=== Task inputs ===
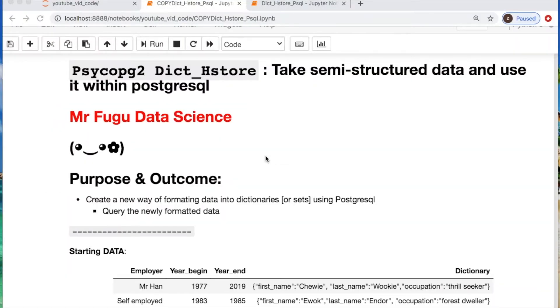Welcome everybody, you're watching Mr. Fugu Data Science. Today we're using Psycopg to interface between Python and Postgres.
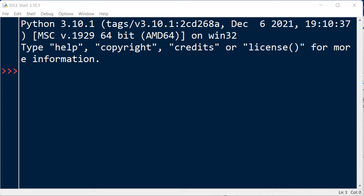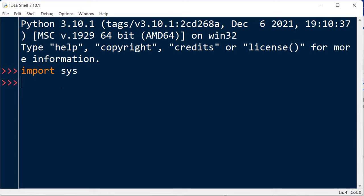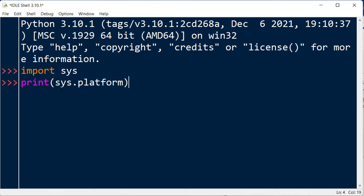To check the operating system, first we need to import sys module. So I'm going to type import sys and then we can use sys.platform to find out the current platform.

--

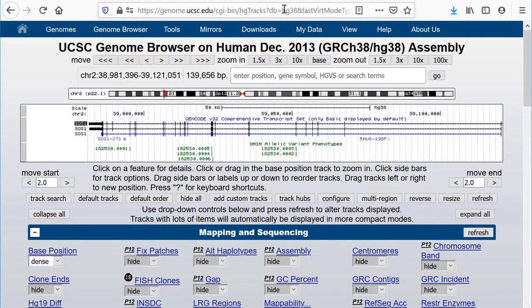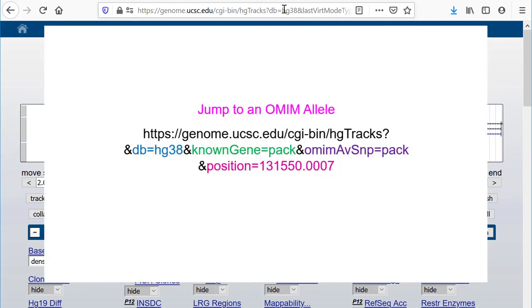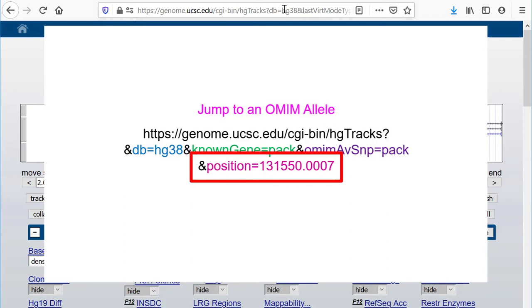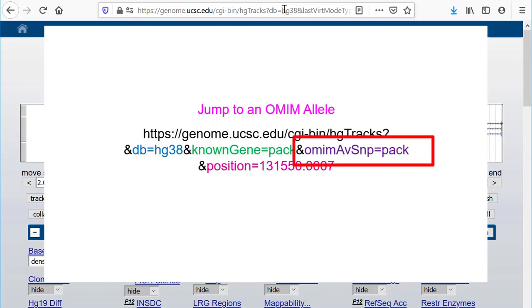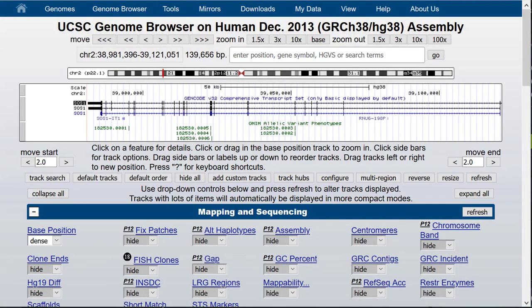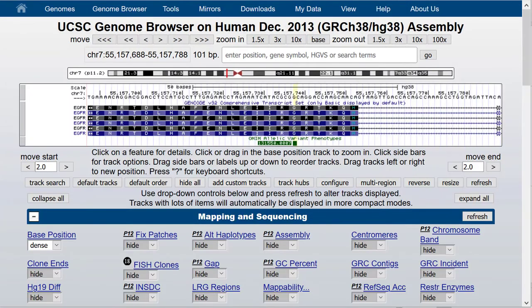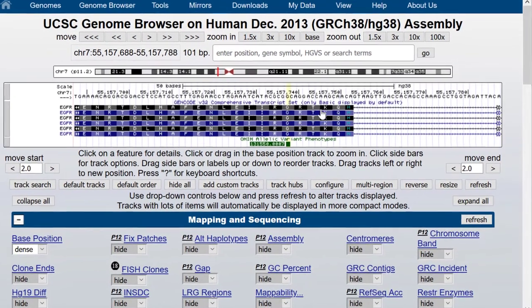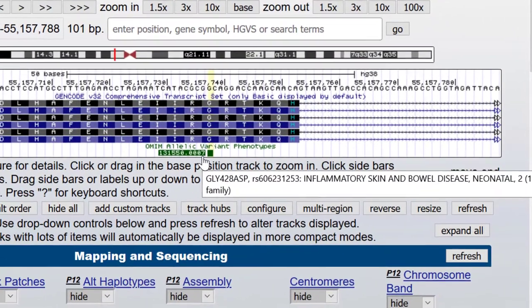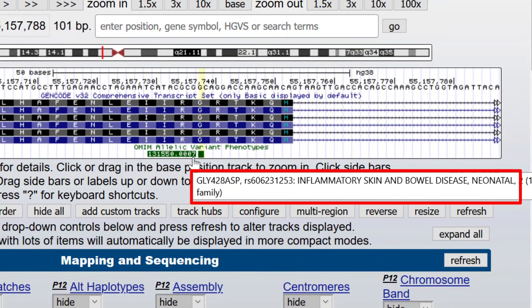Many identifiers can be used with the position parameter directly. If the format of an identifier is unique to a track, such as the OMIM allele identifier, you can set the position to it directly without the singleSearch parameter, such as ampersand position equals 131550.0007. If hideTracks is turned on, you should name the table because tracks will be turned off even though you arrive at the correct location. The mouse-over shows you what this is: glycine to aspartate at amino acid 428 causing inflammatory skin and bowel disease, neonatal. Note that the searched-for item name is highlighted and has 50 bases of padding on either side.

=== Aim of the exercise ===
Give again the stretch of the entries above that begins at the line with "Welcome everybody, you're" and ends at the line with "To check the", word for word, with no pictures.

=== Response area ===
Welcome everybody, you're watching Mr. Fugu Data Science. Today we're using Psycopg to interface between Python and Postgres.
To check the operating system, first we need to import sys module. So I'm going to type import sys and then we can use sys.platform to find out the current platform.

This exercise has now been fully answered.